Comparison of the Group’s expectations with actual figures
In the 2024 Annual Report, we outlined expectations for the 2025 financial year for our financial and non-financial key performance indicators anchored in our management system. The following tables summarize the pro forma figures for 2024, the results expected for the reporting year, and the actual results achieved in 2025. The performance indicators that we also forecast in the 2024 Annual Report and their development are presented in the individual sections.
The comparison shown in the table of the pro forma figures for 2024 as presented in the 2024 Annual Report and the expectations formulated on this basis for 2025 with the results actually generated for 2025 is not like for like, i.e., these figures are not based on comparable exchange rates or a comparable composition of the Group. The results generated on a like-for-like basis are set out below (in organic terms). The main differences from the results actually generated are attributable to the assumption of an average U.S. dollar exchange rate of USD 1.08 in our planning for 2025. By contrast, the results for 2025 shown in the table above are subject to an average U.S. dollar exchange rate of USD 1.13, which had a corresponding negative impact on the financial performance indicators. The guidance for 2025 as adjusted in the course of the year already takes into account the value contributions from the completed corporate transactions in the United States operating segment.

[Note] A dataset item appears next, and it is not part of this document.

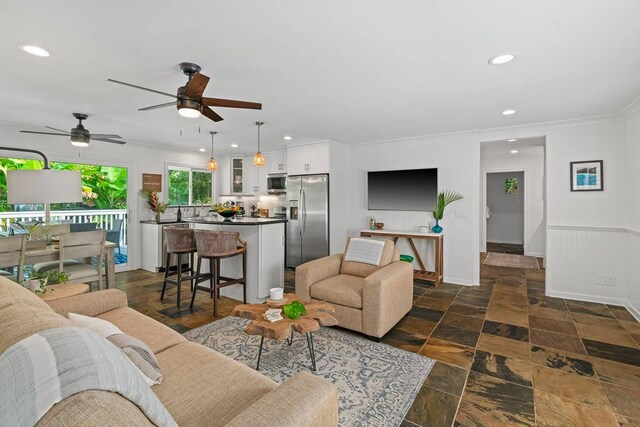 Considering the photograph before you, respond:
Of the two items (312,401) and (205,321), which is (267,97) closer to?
(205,321)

We look back on a successful financial year. Overall, we met our expectations. In organic terms, revenue increased as expected by 4.2 %. Our service revenue also grew as expected by 3.8 % on an organic basis. Our adjusted EBITDA AL increased by 4.7 % in organic terms. Taking into account the above assumptions, this exceeded our most recently stated guidance. EBIT was likewise negatively affected by exchange rate effects, and declined in 2025 on account of the reversal of impairment losses on FCC licenses at T‑Mobile US in 2024. Adjusted earnings per share amounted to EUR 2.00, thereby meeting our expectations. ROCE also developed as expected, declining to 7.5 %. For free cash flow AL (before dividend payments and spectrum investment), we exceeded the guidance revised upwards in the course of the year, excluding exchange rate effects. Cash capex (before spectrum investment), excluding exchange rate effects, was more or less as expected.
The comparison shown in the table above of the pro forma figures for 2024 as presented in the 2024 Annual Report and the expectations formulated on this basis for 2025 for the non-financial performance indicators with the results actually generated for 2025 is not like for like, i.e., assuming a comparable composition of the Group. The results generated on a like-for-like basis are set out below.
Assuming a comparable composition of the Group, we are on track with our non-financial performance indicators. In the Germany operating segment, we even recorded a strong increase of 8.7 % in mobile customers, attributable to both the prepaid customer business including M2M-based cards, and the high-value contract customer business. By contrast, the development of fixed-network lines fell short of our expectation due to falling demand for voice products. In a nearly stagnant and highly competitive broadband market, the number of broadband lines remained more or less on a par with the prior year level at 15.1 million, which was below our expectation. In the United States operating segment, the growth in postpaid and prepaid customer numbers significantly exceeded our expectations, even without taking into account the growth from the completed corporate transactions. Excluding the effects from the sale of the Romanian mobile business as of October 1, 2025, customer numbers in the Europe operating segment developed as expected: The number of mobile customers increased slightly by 2.1 %. The number of fixed-network customers declined slightly, while the number of broadband customers increased in line with expectations. The increase in order entry in our Systems Solutions operating segment was mainly due to deals concluded in the public sector portfolio area.
At the end of the reporting year, customer retention/satisfaction (for Deutsche Telekom excluding T‑Mobile US) came in at 81.3 points compared with the adjusted baseline value of 80.1 points. The Germany, Europe, and Systems Solutions operating segments contributed to the ongoing positive development with improvements in customer loyalty. Employee satisfaction was most recently measured in November 2025 and remained stable against the prior-year level at 77 points on a scale of 0 to 100. This continued high level was as expected. The Group’s energy consumption remained stable instead of the expected slight increase, because in particular the United States was able to achieve greater savings than expected in the original planning. CO2 emissions reduced in line with our expectations.
For further information on the trends in our main financial and non-financial performance indicators, please refer to the relevant passages in this section as well as in the section “Development of business in the operating segments.”
For further information on the expected trends in our main financial and non-financial performance indicators in 2026 and 2027, please refer to the section “Forecast.”